The Johnsons -- husband and wife, daughters Lynda and Luci -- had discussed the trajectory of the presidency frequently, repeatedly vetting the question of whether they might leave the White House at the end of Johnson's first term, in January 1969. Mrs. Johnson was clear-eyed about it; one full term was enough. Luci worried about her father's health. Lynda preferred that he demur. As early as September 1967, 14 months before the election, press secretary George Christian was noodling around with a withdrawal statement. Gov. John Connolly was recruited to help.

Johnson shared his doubts about another term with, among others, Secretary of State Dean Rusk and Secretary of Defense Robert McNamara.

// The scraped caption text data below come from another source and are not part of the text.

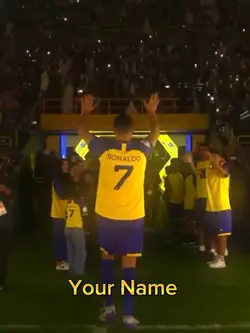 Free Messi/CR7 Edit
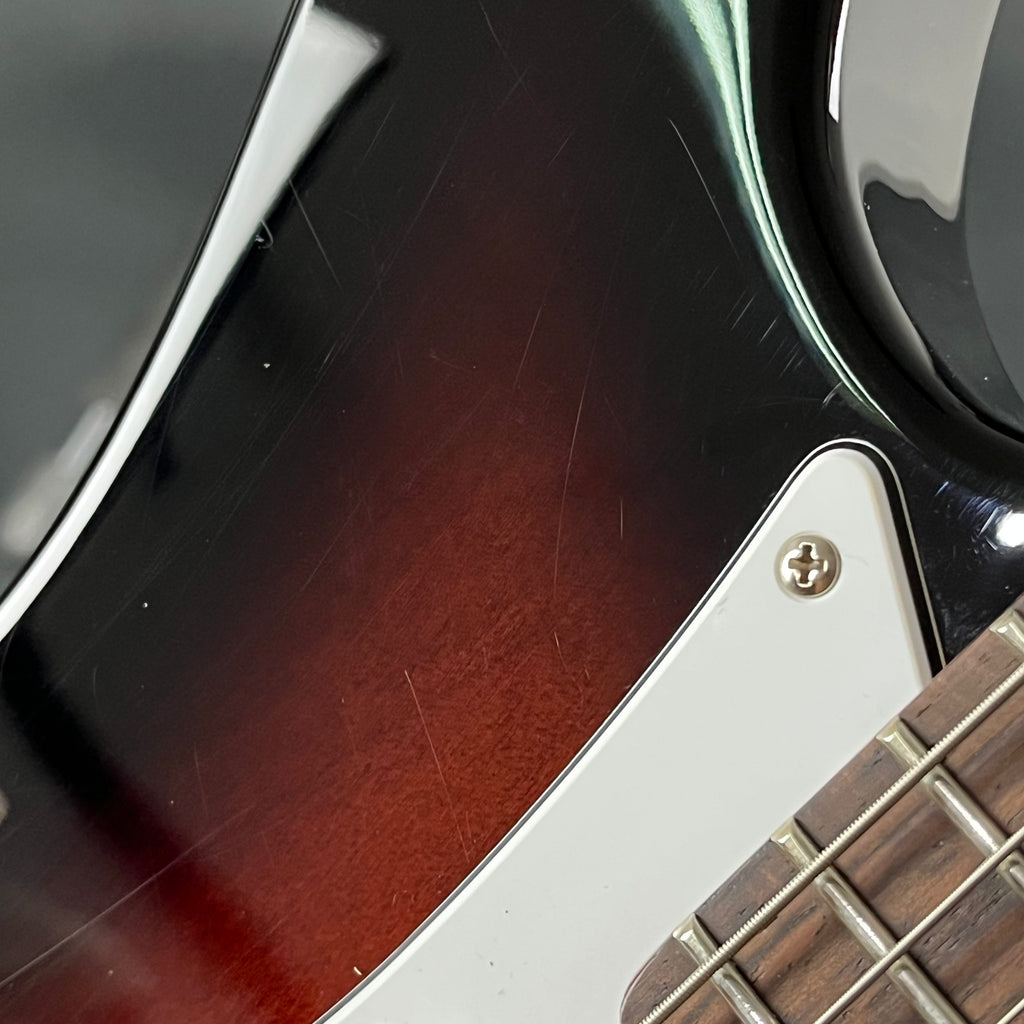 YAMAHA PAC112V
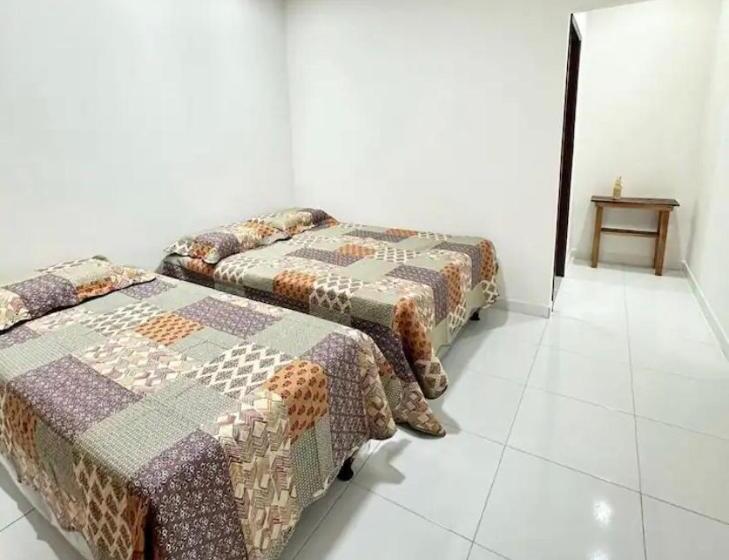 בית מלון כפרי Pousada Mirantes Ibicoara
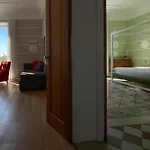 Πανσιόν Euterpe Lht Αγκριτζέντο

The president was preoccupied with the question of whether the American combatants in Vietnam would feel let down. Gen. William Westmoreland assured him they wouldn't.

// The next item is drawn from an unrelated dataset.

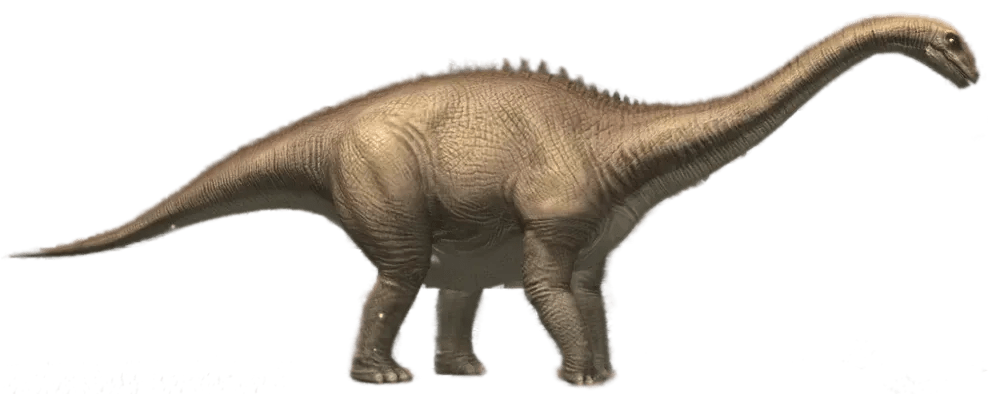 Diplodocus (JWTG Design) Blank Meme Template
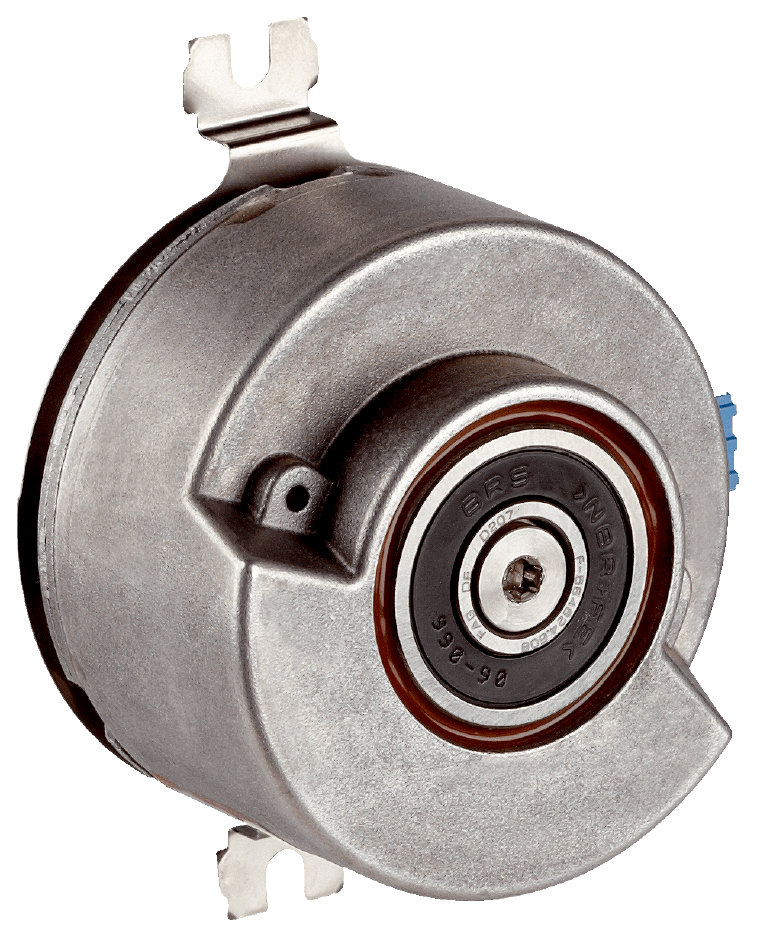 Sistemas De Motor Feedback Rotativo Hiperface SRS50HFA0K21 Sick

Meanwhile, Horace Busby was working on the language the president might use to announce such a decision, perhaps during his State of the Union Address. Many years ago, Busby, who had become a very good source of mine, told me that he wasn't sure whether Johnson would use that occasion. In the event, the president forgot to bring the statement with him to the Capitol.

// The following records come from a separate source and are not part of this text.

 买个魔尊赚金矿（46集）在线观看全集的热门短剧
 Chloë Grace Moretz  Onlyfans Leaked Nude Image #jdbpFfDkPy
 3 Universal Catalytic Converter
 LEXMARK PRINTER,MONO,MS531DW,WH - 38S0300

On March 31, in a nationally televised address on Vietnam, he said: "With America's sons in the fields far away, with America's future under challenge right here at home, with our hopes and the world's hopes for peace in the balance every day, I do not believe that I should devote an hour or a day of my time to any personal partisan causes or to any duties other than the awesome duties of this office."

He said in his memoir: "I had used the power of the Presidency proudly, and I used every ounce of it I had. I used it to establish programs that gave thousands of youngsters a head start in school, that enabled thousands of old folks to live in clean nursing homes, that brought justice to the Negro and hope to the poor, that forced the nation to face the growing problems of pollution."

He continued, in language that might give Biden jitters, or courage:

"In this exercise of power, I knew a satisfaction that only a limited number of men have ever known, and that I could have had in no other way. Men, myself included, do not lightly give up the opportunity to achieve so much lasting good, but a man who uses power effectively must also be a realist. He must understand that by spending power, he dissipates it."

A botched write-in campaign helped nudge Johnson out of a reelection campaign. It could happen again. It probably won't, but it could.

David M. Shribman is the former executive editor of the Pittsburgh Post-Gazette.